I strongly support this idea, we should not be aware of what is the internal article storage mechanism. As Christoph mentioned, there could be an API that allows a developer (both java and freemarker) to manipulate the article contents.

 

It would be also very helpful if the API would allow to explicitly control how the domain:port/context URLs are generated within the rendered article, without having to deal with Request and Response objects (however the base method that includes Request and Response should remain in place as it is still used in most cases).

At this moment default json api has no resource path too. I have just one question: is this the same reason for no resource addresses in json service response (available on /api/jsonws)? Sorry but in this form, default json api is not useful for sharing content e.g. for mobile.

Thanks for the article. how to do that with velocity? I have an asset publisher ADT that I want to move it to 7.1.

 

I use to write:            

 

#set ($banner_image_val = $banner_image.selectSingleNode($root_element).getStringValue())

 

and I get the URL for the image. now I get:

 

{"groupId":"20126","name":"DXP.jpeg","alt":"","title":"DXP.jpeg","type":"document","uuid":"313d1448-fcb0-1735-03c9-795ae17d8331","fileEntryId":"48416","resourcePrimKey":"48566"}

Here is a snippet to get the url in a Freemarker ADT: https://bitbucket.org/snippets/mrg3kko/pebq6x/liferay-71-adt-get-download-url-for-a

Dear Erik,

Thank you so much for this snippet. Coming from 6.2 to 7.3 hit me hard. I couldn't find any example like that in the LifeRay documentation for days. I owe you a beer.

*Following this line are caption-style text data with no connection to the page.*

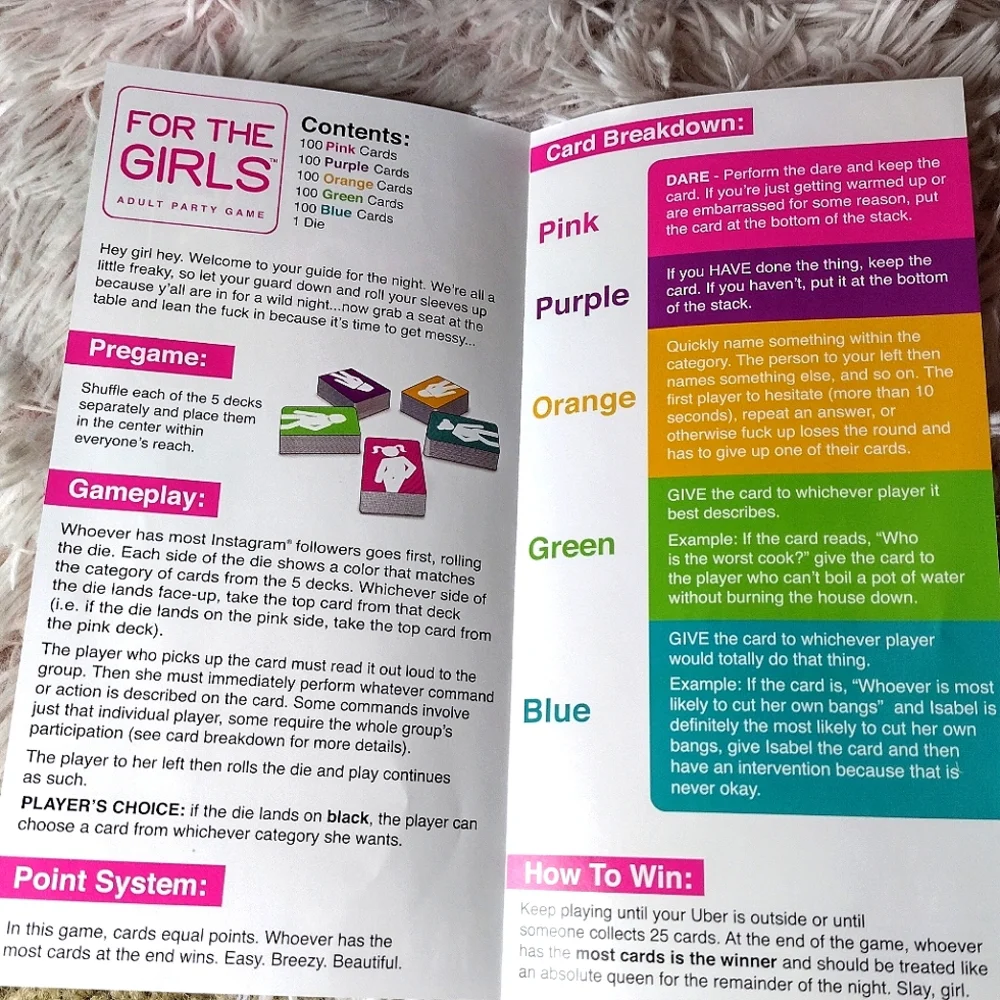 For The Girls Adult Party Game - Picture 6 of 11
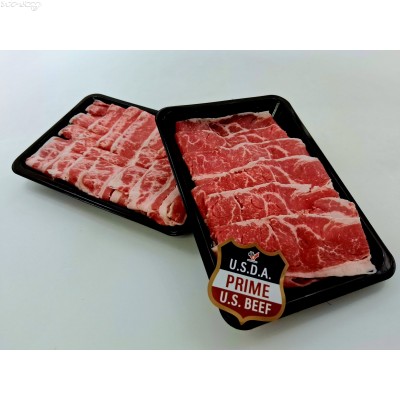 AU40 美國極佳級日式牛胸腹火鍋片(PASTRAMI，約150g/碟)網購原價HK$40.00/碟，會員價HK$35.00/碟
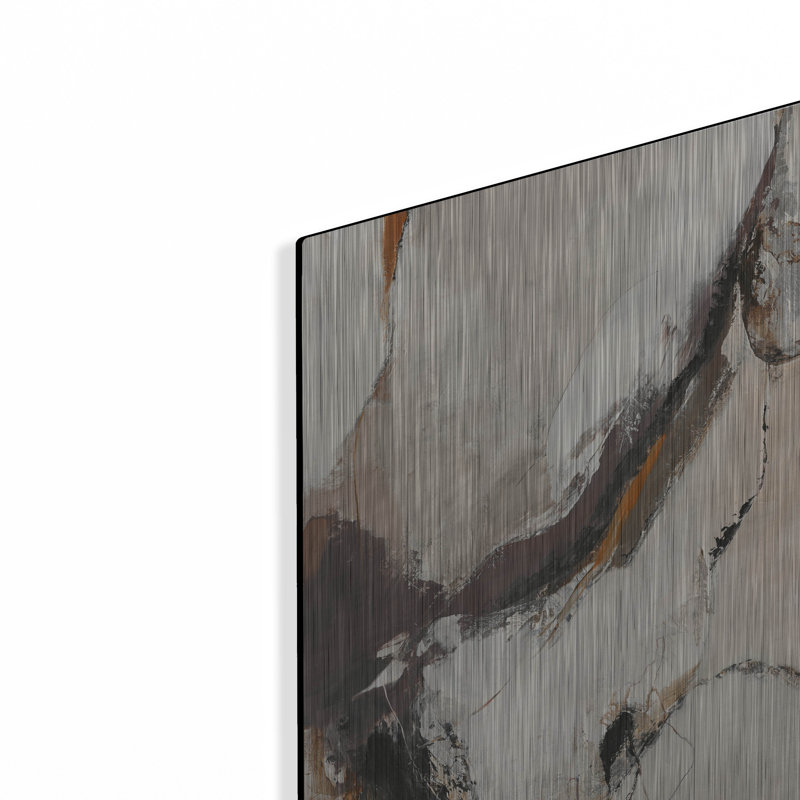  «White Way» par Design Fabrikken, art mural en métal, H 16 po x l 12 po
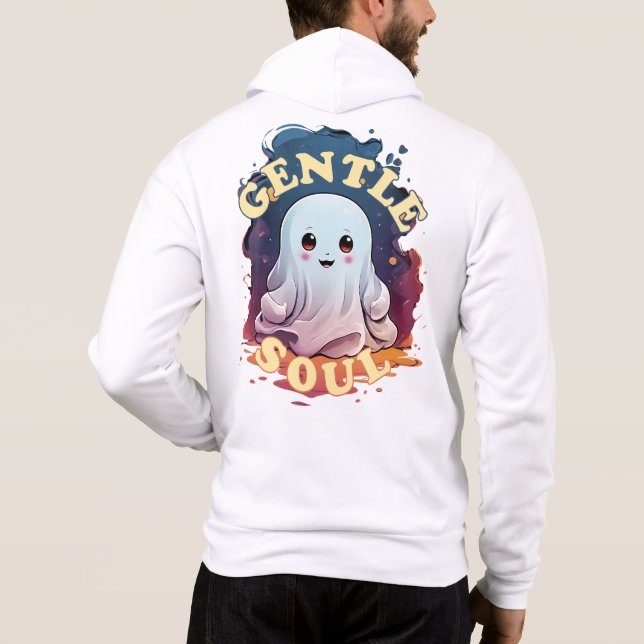 Moletom Gentle Soul Kawaii Ghost (Verso)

For those who are struggling like me, do not forget to remove the serviceLocator from the restricted variables in Control Panel > Configuration > System settings > Platform > Template Engine

 

I guess this also has to do with why when using document-library fields in freemarker, that .data no longer returns the URL?  .getData() does, but unfortunately we are using the .data syntax which used to work before

Great! It took a few hours analyzing what was the best way to replace this part. Thanks Pavel for the solution and for the information provided about the change. Some of us have encountered these types of problems in upgrade 6.2 > 7.2 I think that what Olaf says about inform in javadoc is a very good idea.